Pero el mensaje de firmeza y ejemplaridad le saltó por los aires a Sánchez en el mismo día, cuando el peón Salazar se le cayó de la partida. Uno de los heraldos de confianza del presidente anunciados para vigilar la organización renovada se retiraba apresuradamente del escenario por un aluvión de denuncias de baboseo y conducta impropia con sus compañeras.

Por su parte, Feijóo ha hecho pivotar su discurso presidencial sobre un «manual de decencia» (una cartilla de orden interno que huele a catecismo) y un decálogo de compromisos para ese gobierno limpio con el que promete reconstruir el país.

Ha propuesto auditorías del gasto socialista, control de idoneidad para cargos, una ley de lenguas que devuelva al castellano su vehicularidad, alivios fiscales, una promesa de gobernar en solitario y una traslación del dudosamente democrático “cordón sanitario” de Vox a EH Bildu.

La sombra de la desconfianza sobre su aplicabilidad sobrevuela esos nuevos mandamientos, porque las novedades planteadas parecen más simbólicas que estructurales, más semánticas que estratégicas.

El protoprograma electoral de diez puntos ofrecido como norte a los votantes muestra debilidades y contradicciones significativas, y plantea dudas razonables sobre en qué grado apuntan verdaderamente a cambiar España o continúan siendo retórica preelectoral frente a la muy crítica situación actual.

Eliminar el voto de los afiliados en nombre de la «eficiencia interna» contradice el discurso de regeneración democrática.

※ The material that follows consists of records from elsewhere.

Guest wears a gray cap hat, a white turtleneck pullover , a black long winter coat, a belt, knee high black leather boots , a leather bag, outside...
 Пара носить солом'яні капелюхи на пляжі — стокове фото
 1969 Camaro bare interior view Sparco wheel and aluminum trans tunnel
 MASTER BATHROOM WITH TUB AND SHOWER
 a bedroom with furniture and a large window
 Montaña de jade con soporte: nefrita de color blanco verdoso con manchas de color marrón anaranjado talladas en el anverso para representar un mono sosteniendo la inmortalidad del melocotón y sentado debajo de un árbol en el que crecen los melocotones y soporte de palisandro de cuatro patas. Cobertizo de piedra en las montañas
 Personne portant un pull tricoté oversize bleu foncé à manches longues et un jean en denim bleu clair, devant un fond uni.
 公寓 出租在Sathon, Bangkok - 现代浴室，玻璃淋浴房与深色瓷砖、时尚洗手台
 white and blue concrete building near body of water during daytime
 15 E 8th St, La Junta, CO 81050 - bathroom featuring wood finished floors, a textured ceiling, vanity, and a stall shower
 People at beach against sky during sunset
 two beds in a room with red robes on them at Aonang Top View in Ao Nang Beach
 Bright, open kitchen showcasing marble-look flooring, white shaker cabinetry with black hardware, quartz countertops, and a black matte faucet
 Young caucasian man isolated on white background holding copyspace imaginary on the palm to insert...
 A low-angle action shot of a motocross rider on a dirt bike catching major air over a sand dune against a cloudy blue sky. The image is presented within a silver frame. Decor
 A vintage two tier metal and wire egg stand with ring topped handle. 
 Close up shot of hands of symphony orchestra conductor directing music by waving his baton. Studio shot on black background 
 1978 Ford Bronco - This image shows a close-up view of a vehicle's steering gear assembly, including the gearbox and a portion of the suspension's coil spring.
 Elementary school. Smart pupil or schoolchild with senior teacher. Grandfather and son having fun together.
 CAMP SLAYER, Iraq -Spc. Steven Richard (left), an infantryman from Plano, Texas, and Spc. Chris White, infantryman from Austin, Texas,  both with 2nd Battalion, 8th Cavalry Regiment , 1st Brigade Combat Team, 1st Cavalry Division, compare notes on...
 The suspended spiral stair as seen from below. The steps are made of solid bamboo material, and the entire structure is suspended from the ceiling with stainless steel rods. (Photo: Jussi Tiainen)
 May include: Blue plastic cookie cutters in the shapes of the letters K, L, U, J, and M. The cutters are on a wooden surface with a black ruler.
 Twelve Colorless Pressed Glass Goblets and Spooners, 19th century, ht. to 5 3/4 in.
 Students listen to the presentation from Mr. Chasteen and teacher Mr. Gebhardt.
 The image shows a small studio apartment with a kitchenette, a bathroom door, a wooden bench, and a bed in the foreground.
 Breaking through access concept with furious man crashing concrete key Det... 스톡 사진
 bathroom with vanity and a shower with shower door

El planteamiento restrictivo sobre lenguas cooficiales e inmigración entra en contradicción discursiva con lo defendido históricamente por los sectores más moderados y autonómicos del propio PP. Proclamar voluntad de gobierno en solitario mientras se mantiene abierta la puerta a pactos con Vox es una evidente incoherencia estratégica.

Y, con la memoria aún reciente de una larga lista de escándalos de corrupción estructural defendidas in extremis, con la ausencia de régimen preventivo alguno en lo que a auditorías internas propias se refiere, las promesas de regeneración y lucha contra la corrupción necesitaban ser inequívocas, troncales. Sobre todo, viables y creíbles. Y no lo parecen.

Difícil imaginar marco más propicio que el Congreso Nacional para presentar, por ejemplo, en qué consistirá el Código Ético de Gobierno que suscribirán voluntariamente todos los miembros de su gabinete si llegan a gobernar.

Podrían haber presentado sin complejos una propuesta de eliminación de los insostenibles aforamientos.

O, más fácil aún, haberse adherido por adelantado a las propuestas que ya están disponibles porque las han promovido organizaciones de la sociedad civil como España Mejor.

Pero no. En su lugar, asistimos a un juego de espejos. PP y PSOE apelan a la decencia, pero arrastran contradicciones estructurales mutuamente soportadas.

Cuando la ética se convierte en una herramienta instrumental, pierde su fuerza transformadora. La decencia, como virtud moral, es admirable, pero no se puede medir. La ética pública sí. Se mide en coherencia, en sistemas de control, en responsabilidad institucional.

Porque la decencia personal es una elección, pero la ética institucional es una arquitectura de reglas, sanciones, transparencia y, sobre todo, rendición de cuentas. Los ciudadanos no esperan santos.

Esperan estructuras que premien el buen hacer y penalicen el abuso. Esperan que no se legisle para salvar a los propios ni que se pacte a costa de los principios.

Si la decencia nos define como individuos, es la ética lo que construye naciones. Si PP y PSOE quieren recuperar el crédito público, deberán hacer precisamente lo que llevan décadas sin hacer: pasar a la acción.

Porque, en la España de hoy, lo indecente ya no es la corrupción en sí misma, sino la impunidad que la acompaña. Y sólo un círculo ético de virtud pública puede romper ese círculo vicioso de impunidad perpetuada.